2

I have the following string

huile contains rgbgrbrb9gr && huile contains fcecec

I use this regex in order to capture a block of condition:

(.+) (contains) (.+)

It works with one block "huile contains rgbgrrb9gr" but if i add another condition with && or || operator, the two operators are captured. What i'm expecting to capture if the two blocks excluding && and || operator.

Can someone have any idea how to achieve this?

Yanis600
  • 31
  • 7
  • What is the actual output you want here? – Tim Biegeleisen Dec 24 '21 at 10:59
  • First output: huile contains rgbgrbrb9gr Second output: huile contains fcecec – Yanis600 Dec 24 '21 at 11:00
  • **Side note**: regex is only suitable for matching lexical tokens. If you have a context-free grammar that you need to parse, you need to look for tools such as yacc or bison. – DannyNiu Dec 24 '21 at 11:10
  • Additionally you might want to indicate which dialect of regex you're using. JavaScript RegExp? Perl-compatible? POSIX? – DannyNiu Dec 24 '21 at 11:52
  • i'm working on Qt so i'm using qregularexpression – Yanis600 Dec 24 '21 at 11:55
  • @Yanis600 Do you want to prevent matching `&&` and `||` or do you not want to match a `&` char and a `|` char? Can you add to your question an example what should match and what should not match? Do you want 3 capture groups in the result, or only matches? – The fourth bird Dec 24 '21 at 12:33
  • I have the following filter string as an example: 'oil & blah'blah' contains 'oil&blah'blah' && 'oil & blah'blah' contains 'oil blah's' What i want to catch is the following patterns 'string' contains 'substring' the ' && ' or ' || ' must be excluded, and the pattern mentionned above has three matches The & and | must only be captured in string i want to search and the string where to search – Yanis600 Dec 24 '21 at 12:42
  • 1
    @Yanis600 Perhaps like this? https://regex101.com/r/taFZUP/1 – The fourth bird Dec 24 '21 at 13:17
  • Wonderful, thank you so much :) I assume that regex are really hard to built. – Yanis600 Dec 24 '21 at 13:32

4 Answers4

0

Regex normally matches the longest input it finds.

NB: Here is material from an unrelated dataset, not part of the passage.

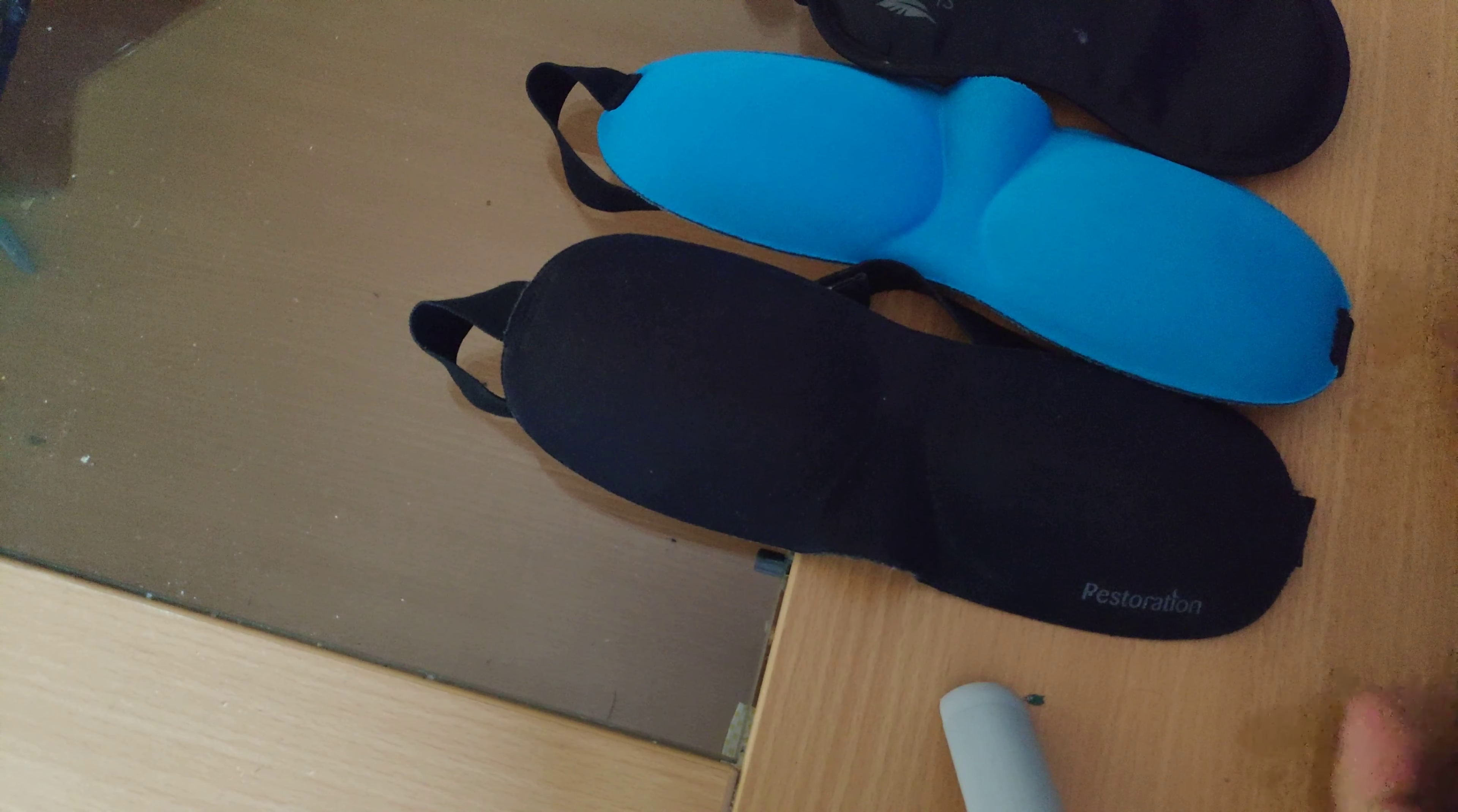Hey guys, today we are reviewing a couple of sleeping masks here. This one is made by Pestoration. This is pretty basic here for your eyes.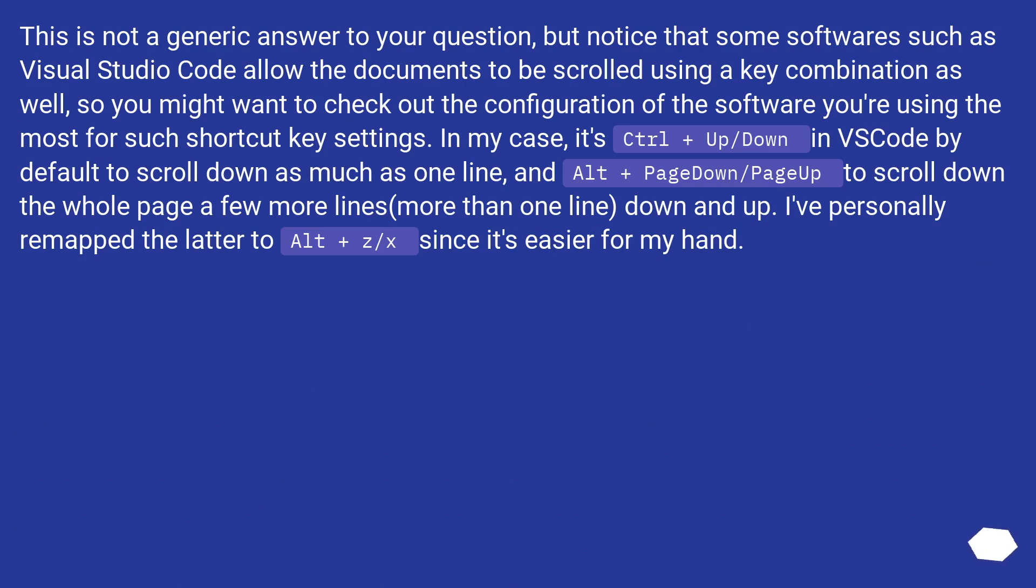This is not a generic answer to your question, but notice that some software such as Visual Studio Code allow the documents to be scrolled using a key combination as well. So you might want to check out the configuration of the software you're using the most for such shortcut key settings.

You need to exclude & and | from your input, like this:

([^&|]+) (contains) ([^&|]+)

If you instead desire to exclude double-character && and ||, I suggest spliting your string based on those delimiters first, then matching using regex, as complex parsing is really beyond the realm of regex (they're grammars actually).

But, a regex solution is nontheless possible

The rough idea is that, you want to match a string with

  1. an optional prefix consisting of no & or |
  2. a single & or | followed by a non-empting string
  3. repeating 2 for non-zero number of times.

the subpattern would be something like this:

(([^&|]+)?([&|][^&|]+)+)

additionally, you'll want something like the egrep's x flag, to match the entire string, otherwise it'll be possible that an empty string turns up.

The full regex would look something like this (capture groups're re-numbered)

(([^&|]+)?([&|][^&|]+)+) (contains) (([^&|]+)?([&|][^&|]+)+)
DannyNiu
  • 880
  • 7
  • 21
  • it works but if i need to search for & or | operator, i got a wrong capture. What i need to capture is for example: 'oil & other' contains 'oil &' – Yanis600 Dec 24 '21 at 11:13
0

After reading the post comments, the desired result was more clear.

This one could work too:

(?<=^|(?:&&|\|\|) )(.+?) (contains) (.+?)(?= (?:&&|\|\|)|$)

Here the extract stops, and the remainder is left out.